L-infinity histogram gap
- humancompatible.detect.methods.l_inf.l_inf.check_l_inf_gap(X: ndarray, y: ndarray, binarizer: Binarizer, feature_involved: str, subgroup_to_check: Any, delta: float) float[source]
Test whether a protected subgroup’s outcome distribution differs from the overall population by at most delta in the l_inf-norm.
- Parameters:
X (np.ndarray) – Protected-attribute slice of the dataset (same rows as y).
y (np.ndarray) – Boolean target vector.
binarizer (Binarizer) – The binarizer used to encode X and y.
feature_involved (str) – Name of the protected column whose subgroup is tested.
subgroup_to_check (Any) – Raw value of the subgroup to isolate.
delta (float) – Threshold for the L-infinity norm.
- Returns:
- 1.0 (which means True) if the subgroup histogram is within delta;
0.0 (which means False) otherwise.
- Return type:
float
- Raises:
ValueError – If delta is not positive.
KeyError – If feature_involved is not in the binarizer’s feature names.
KeyError – If subgroup_to_check is not a valid value for the feature.

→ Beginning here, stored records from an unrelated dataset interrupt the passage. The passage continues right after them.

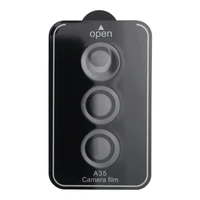 Kameros apsauga 9H, skirta SAMSUNG A35, juoda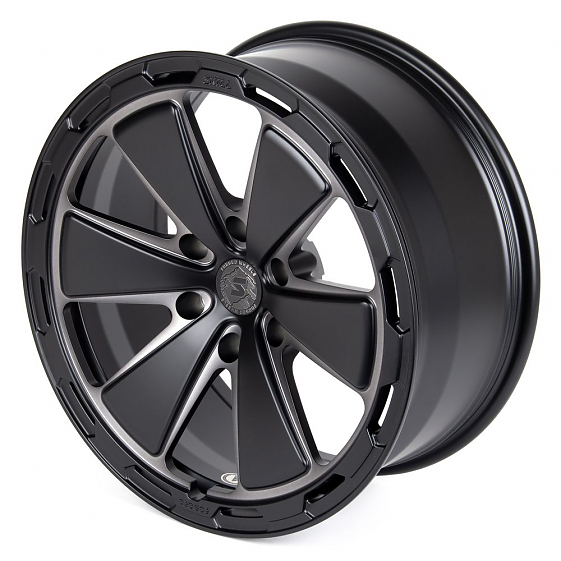 Кованые диски H231022G SKILL SV606-SK188 20 J9 ET19 6x139.7 77.8 чёрный матовый + матовый лак: Фото 6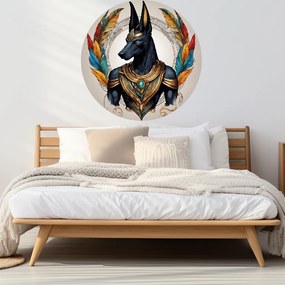 PIPPER. Kruhová samolepka na stenu "Anubis" Veľkosť: 100 cm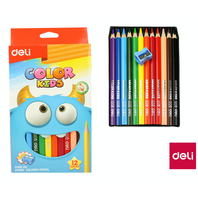 pastelky trojhranné JUMBO DELI Color Kids 12 barev EC00600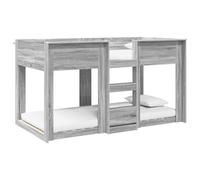 YUOTYRKTEJRSG Kids Bunk Bed with Safety Rails Space Saving Twin Size 90x190 cm Grey Sonoma Engineered Wood for Children Bedroom Modern Two Tier Sleeping Solution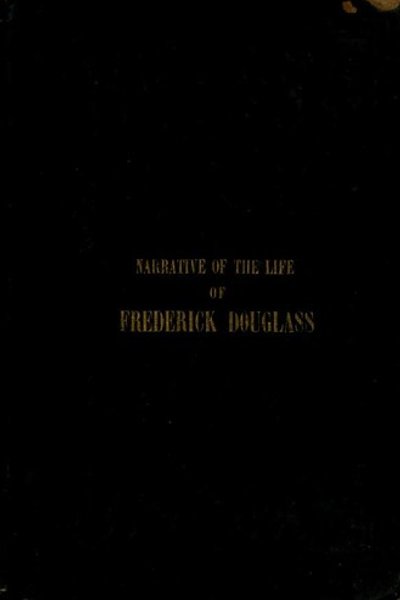 Cover of Narrative of the life of Frederick Douglass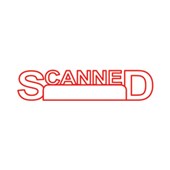 Shiny Stamp SEN2252 Pre Inked ScannedOutline with Red Date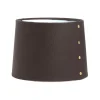 JANE Lampskärm 25/22cm Brun Läderlook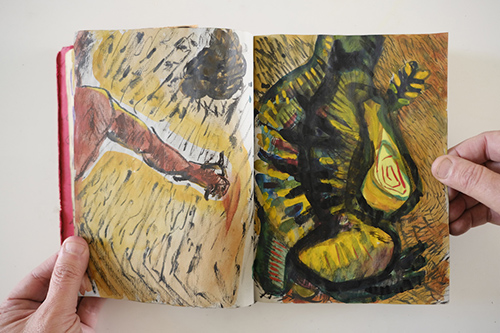 sketchbooks | carnet-2010 | &copy; patrice de Santa Coloma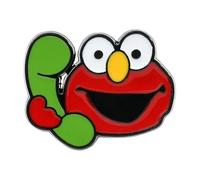 Personalized Creative Alloy Enamel Sesame Street Brooch Pin for Fashion Decoration, Normal, Non-precious metal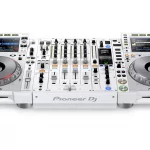 Pioneer CDJ hire white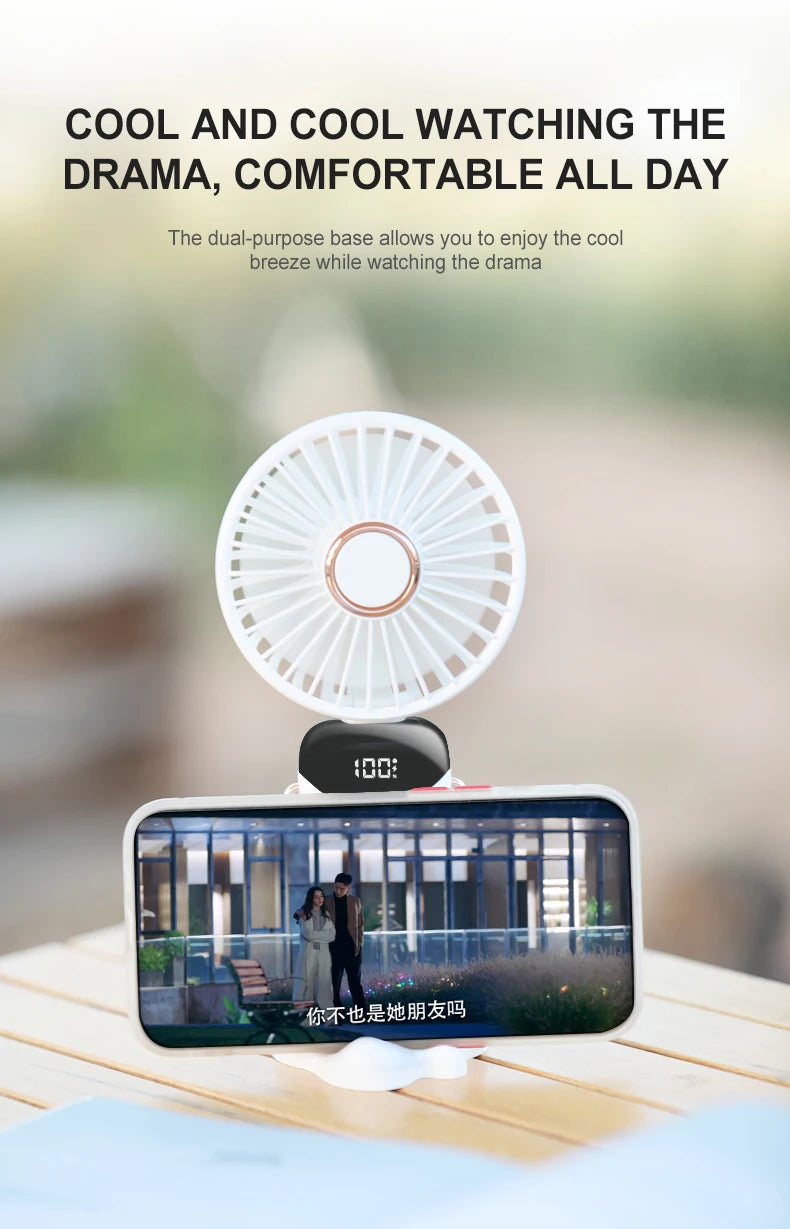 Mini ventilador de mano USB Ventilador portátil plegable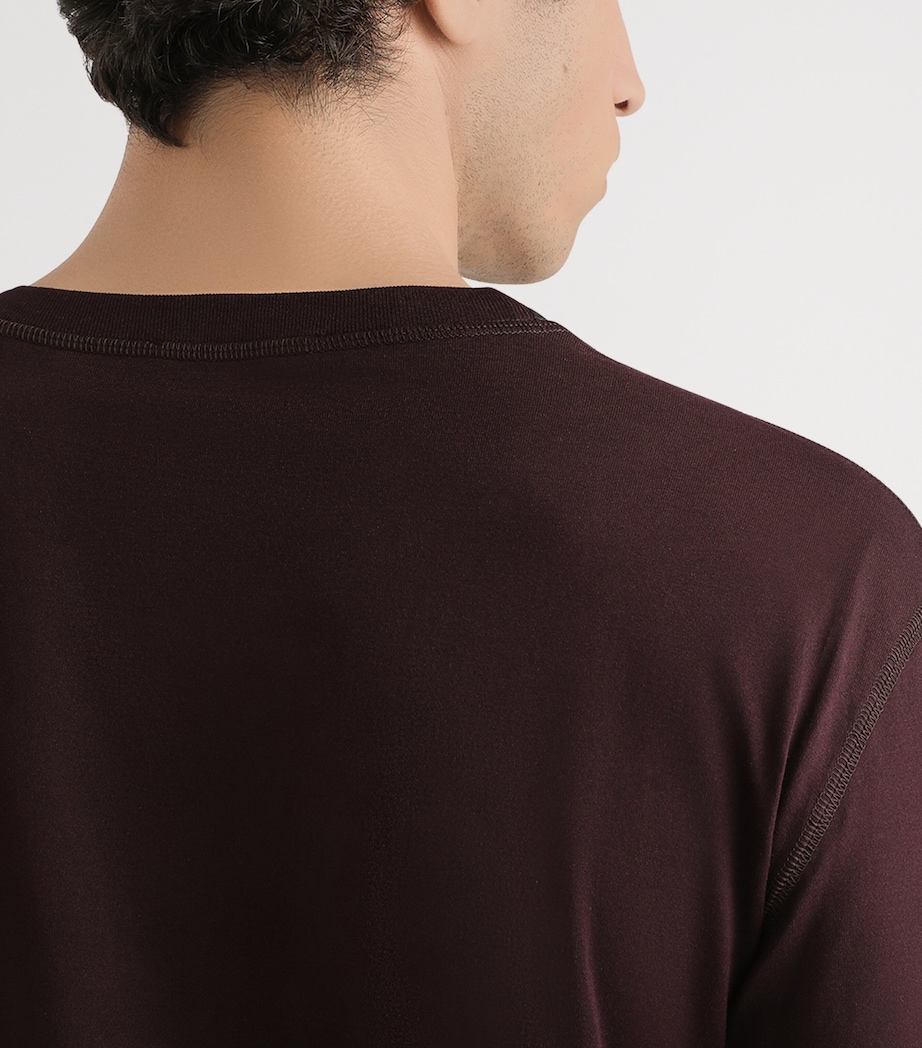 Cotton Long-Sleeve T-Shirt M2762-INDIGO Image 4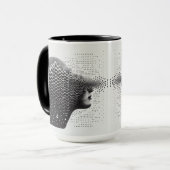 Mug B&W Surreal Optique Illusion Carte Visage Femme (Devant gauche)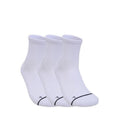 Skechers 3Pk Mens 1/2 Terry Qtr Crew - White Traditional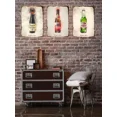 thumbnail image 4 of Letrero de hojalata de cerveza de acuarela, divertido cartel de metal, placa de metal vintage, decoración de pared, bar, pub, club, cueva de hombre, placa decorativa, 4 of 5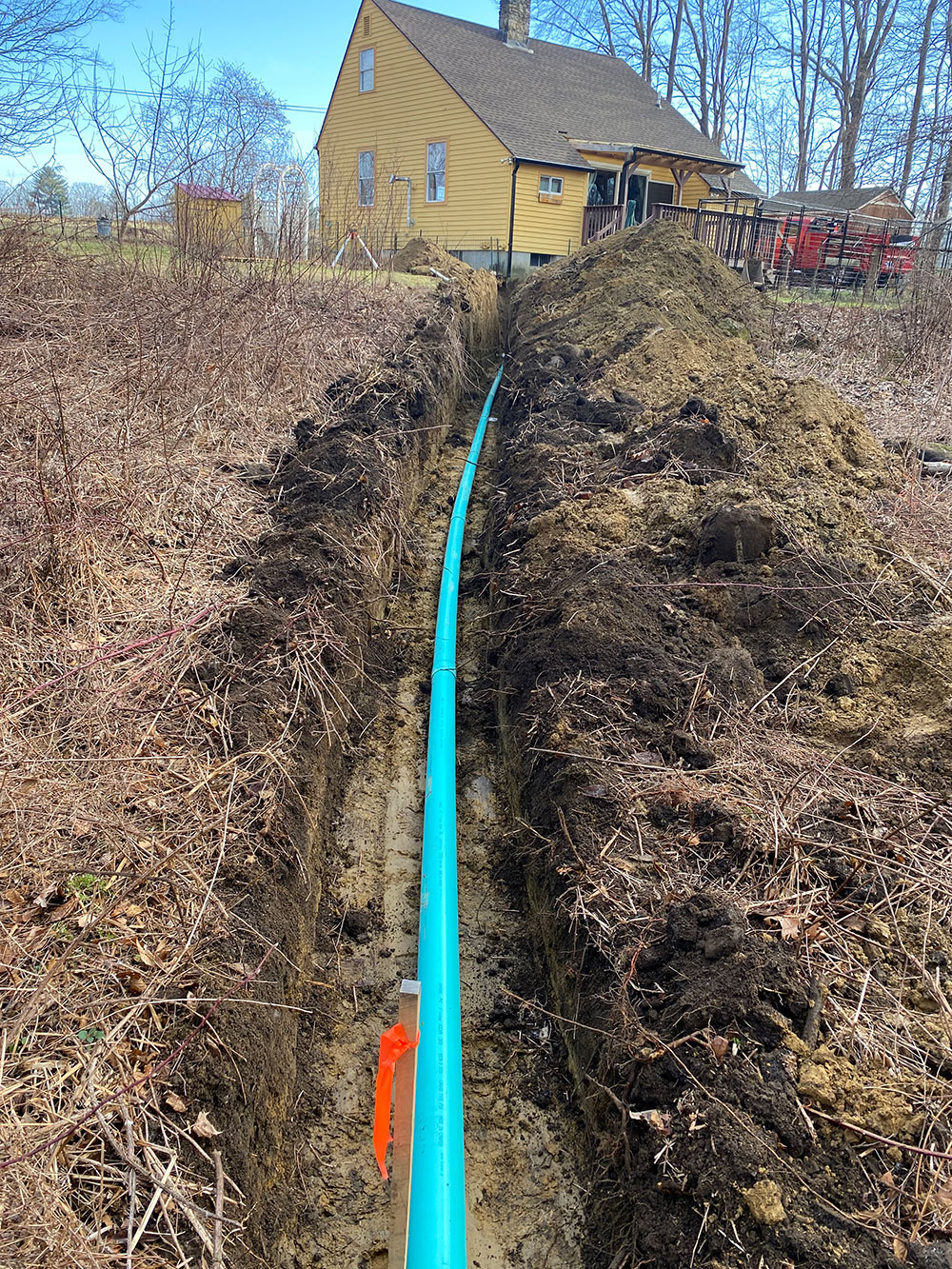 pomfret ct foundation drain lateral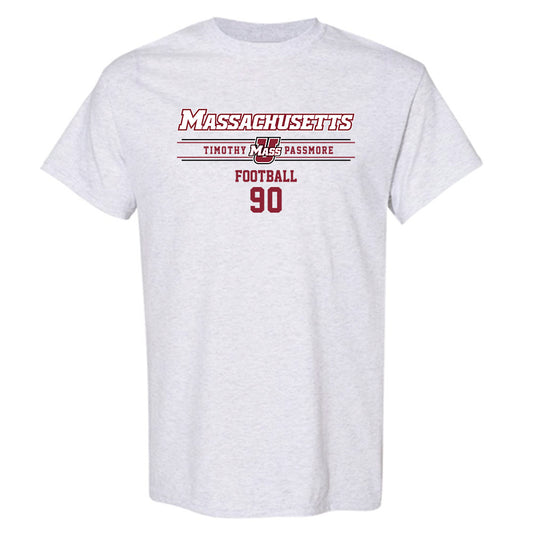 UMass - NCAA Football : Timothy Passmore - Classic Fashion Shersey T-Shirt-0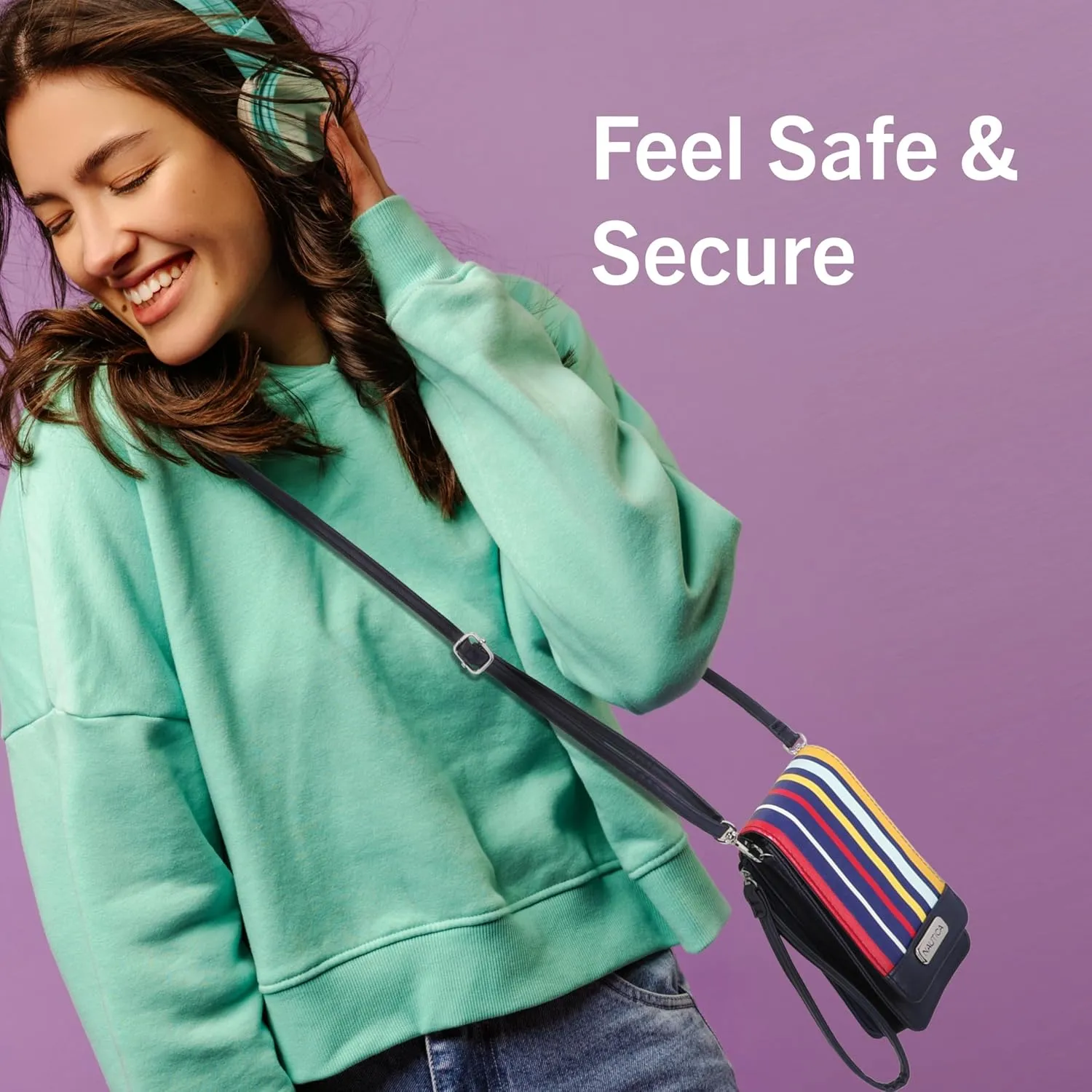 Nautica Crossbody Phone Wallet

- humancompatible.detect.methods.l_inf.lp_tools.lin_prog_feas(hist1: ndarray, hist2: ndarray, delta: float, num_samples: float = 1.0) int[source]
Specifies a number of samples as a fraction of the total histogram bins and checks whether all the sampled bins satisfy
|hist1 - hist2| <= delta.
- Parameters:
hist1 (np.ndarray) – 1-D array of histogram bin densities for the full dataset.
hist2 (np.ndarray) – 1-D array of histogram bin densities for the subgroup.
delta (float) – Threshold for the absolute difference |hist1 - hist2|.
num_samples (float) – Fraction of total bins to sample. The function draws int(num_samples * (len(hist1) - 1)) random samples.
- Returns:
- Status code from scipy.optimize.linprog. A status of 0 indicates
the constraints are feasible (i.e., |hist1 - hist2| <= delta for all sampled bins); other codes signal infeasibility or solver errors.
- Return type:
int